David Teniers the Younger popularised the theme of the alchemist in Flemish painting.
Until the Renaissance, experimenting with alchemy was the prerogative of royalty, philosophers, and fraudulent artists. By the time Teniers created this painting, however, the rising merchant classes were trying it too. Although experimenting with alchemy was still controversial, its techniques, mainly consisting of distillation and metallurgy, were contributing a great deal to science and industry.
This painting once belonged to Monsieur Nourri, Conseilleur to the Grand Conseil, the Superior Court of Justice during the Ancien Régime. It formed part of an important painting collection, which included Italian, French, Dutch and Flemish paintings as well as oil sketches and drawings. The entire collection was auctioned after Monsieur Nourri’s death in 1785 in Paris. It became part of the collection of Peter Isaac Thelluson, a wealthy London merchant and Member of Parliament. This painting was sold at auction after his death in 1808.

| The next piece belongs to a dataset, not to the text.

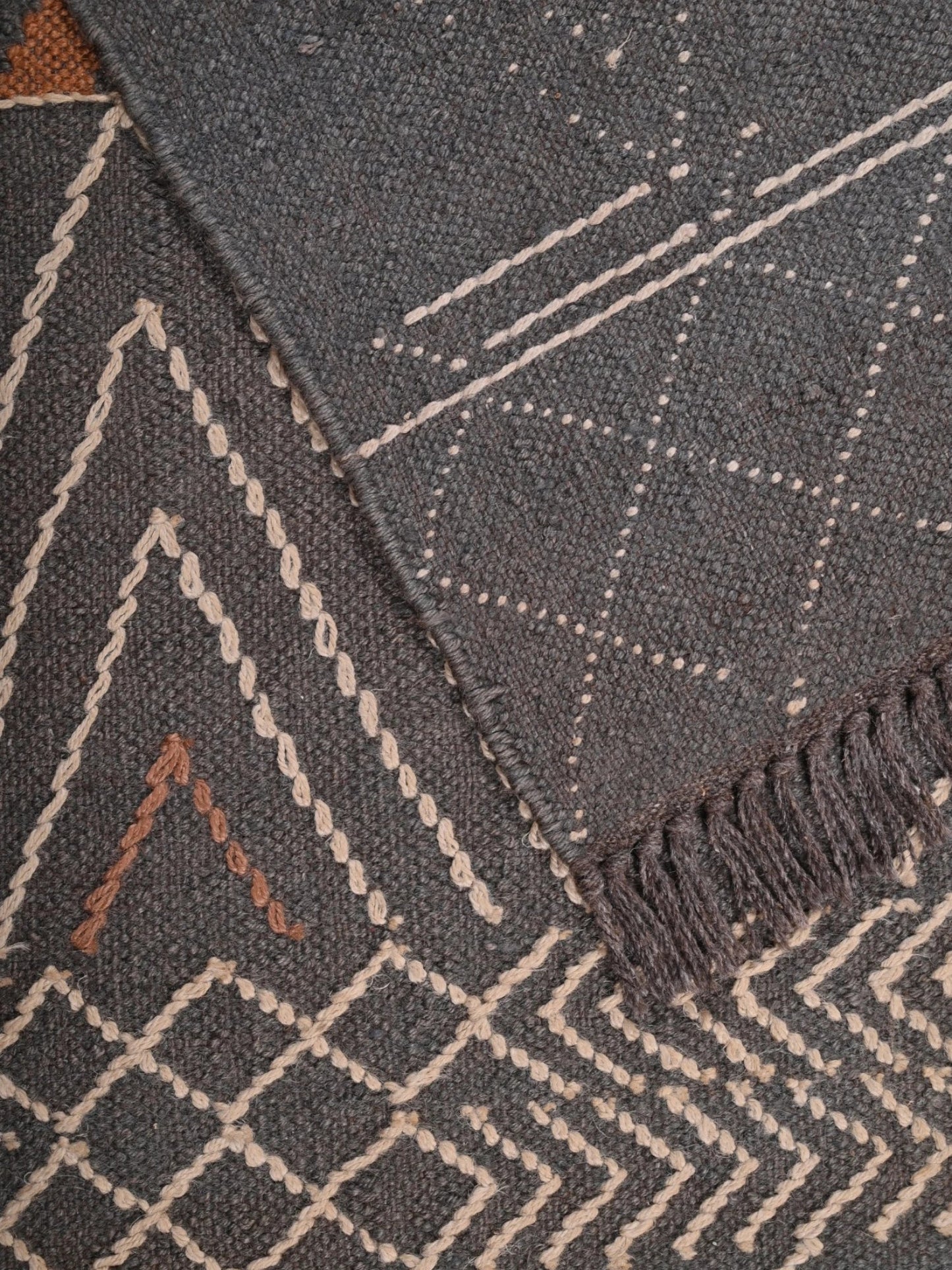 Detalle de alfombras kililm pasillo 150x240  negro  necha a mano en fibras naturales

A similar Alchemist is in the Johnson Collection of the Philadelphia Museum of Art, dated 1649 (inv. no. 689).
David Teniers the Younger was the most famous seventeenth-century painter of peasant life. He enjoyed great popularity in his own lifetime, and in France during the eighteenth century. His work is now collected in many important museums all over the world. Teniers was born in Antwerp and was probably trained by his father, David Teniers the Elder (1582-1649). He was influenced by the course peasant scenes of Adriaen Brouwer (1605/6-1638) and by his father-in-law Jan Brueghel (1568-1625). The artist became a member of the guild of St. Luke in Antwerp in circa 1632. By 1645-46 Teniers served as Dean of the St. Luke guild, and in 1647 he was employed by the governor of the Spanish Netherlands, Archduke Leopold Wilhelm. Appointed court painter in 1651, Teniers moved from Antwerp to Brussels, where his tasks included overseeing and expanding the Archduke’s collection of paintings, producing gallery pictures that documented the scope of the collection, as well as producing an illustrated catalogue of the collection, the Theatrum Pictorium (Brussels, 1660).